FAO forecasts that the global meat production needs to increase by 50% to provide quality protein for the ten billion people living on planet earth by 2050. Meat fits in a healthy diet and is a good source of essential proteins, B-vitamins and several minerals (i.e. selenium and iron). A growing world population will require in 2050 about twice more food, produced on twice less arable land. Meat production is seen as less sustainable with negatives impacts on animal welfare. There is a search for alternative proteins to replace part of the animal proteins that are currently used in abundance in the diet of most developed and affluent countries.

Good digestible proteins may be a limiting factor in the future. Protein is an important part of the human diet, and the Essential Amino Acids (EAA) (histidine, isoleucine, leucine, lysine, methionine (+cystine), phenylalanine (+tyrosine), threonine, tryptophan and valine), which cannot be synthesized de novo, need to be supplied through the diet. The FAO recommends that amino acids be treated as individual nutrients and that adjustments for digestibility be made when designing dietary guidelines or evaluating actual diets (Food and Agriculture Organization of the United Nations (FAO), 2013). Animal protein contains more EAA, and is of slightly higher human intestinal digestibility, than most plant-based proteins.

To meet the 2050 challenge of feeding a rapidly growing human population, it is essential to carefully consider how to produce enough protein. To help consumers reduce their meat consumption, several strategies have been developed:

One strategy is encouragement of ‘meatless days’ or smaller portion sizes.

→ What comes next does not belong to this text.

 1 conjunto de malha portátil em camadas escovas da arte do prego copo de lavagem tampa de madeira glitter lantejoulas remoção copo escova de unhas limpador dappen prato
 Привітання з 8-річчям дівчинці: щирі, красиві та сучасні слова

As a second strategy, meat in a meal can be replaced by the consumption of vegetables, beans, pulses, and/or nuts. In processed meat products, it can be replaced by using plant-based meat extenders as well [1]. Meat extenders are plant-based ingredients that act as fillers in processed meats. By doing so, the actual meat content in the product is lowered, leading to reduced meat intake.

A third strategy is based on the development of structured vegetable protein products. Examples of traditionally structured products are tofu and tempeh, which are produced and consumed in East Asia for centuries. The consumer acceptance of these products is, however, lower in Western countries. Therefore, another category of structured products has emerged, referred to as meat analogues. Meat analogues are products that can replace meat in its functionality, being similar in product properties/sensory attributes, and that can also be prepared by consumers as if they were meat. The resemblance of these products to meat, in terms of texture, taste, appearance, and smell, is important for consumers that currently mostly choose meat [2].

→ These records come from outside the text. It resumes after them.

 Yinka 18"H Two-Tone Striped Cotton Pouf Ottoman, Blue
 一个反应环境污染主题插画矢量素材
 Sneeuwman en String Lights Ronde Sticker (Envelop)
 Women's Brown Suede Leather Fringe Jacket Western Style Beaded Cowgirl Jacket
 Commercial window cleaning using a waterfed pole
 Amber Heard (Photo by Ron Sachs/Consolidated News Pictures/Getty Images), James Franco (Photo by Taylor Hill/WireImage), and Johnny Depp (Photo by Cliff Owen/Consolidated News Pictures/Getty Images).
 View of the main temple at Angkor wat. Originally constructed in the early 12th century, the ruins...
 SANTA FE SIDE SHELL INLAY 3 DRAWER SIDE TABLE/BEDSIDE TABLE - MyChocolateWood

At the moment a large number of textured vegetable proteins have already entered the market as meat analogues and substitutes. Textured structures based on soy proteins were one of the first to enter the market. At the moment there are textured vegetable proteins based on (mixtures of) pea, wheat, carrot, sunflower, onion etc. The main issue with vegetable based alternative proteins are the texture and taste of the final products. Producing steak like structures is possible with textured proteins. Most off flavours can be masked by spices and taste ingredients.

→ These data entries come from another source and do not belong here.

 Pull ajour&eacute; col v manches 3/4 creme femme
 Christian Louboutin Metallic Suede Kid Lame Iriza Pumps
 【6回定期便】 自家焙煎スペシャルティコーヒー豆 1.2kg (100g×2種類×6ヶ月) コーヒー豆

In this white paper the current state of the art of the technical production processes of plant- based proteins, with special focus on the texturizing processes, will be described. This will include the established techniques that have been operated on commercial scale, and novel techniques that are less mature.

Texturizing Plant Proteins

There are several strategies to mimic the texture of meat, which depends on the type of meat product that one wants to mimic. Meat products can be categorized in ground, comminuted and whole muscle meat products. The growing range of ingredients that are used for this purpose, the range of products that are produced with these ingredients, and their nutritional value have been summarized in several review papers [3,4].

Texturizing techniques should create the fibrous structure similar to meat muscles. The various techniques follow either a bottom-up or a top-down strategy to create the fibrous morphology (Figure 1). The bottom-up strategy generates smaller structural elements that are subsequently assembled into larger products. The top-down strategy creates fibrous products by structuring biopolymer blends in which the fibrousness of the product becomes apparent when stretching the material, mimicking the structure on larger length scales only.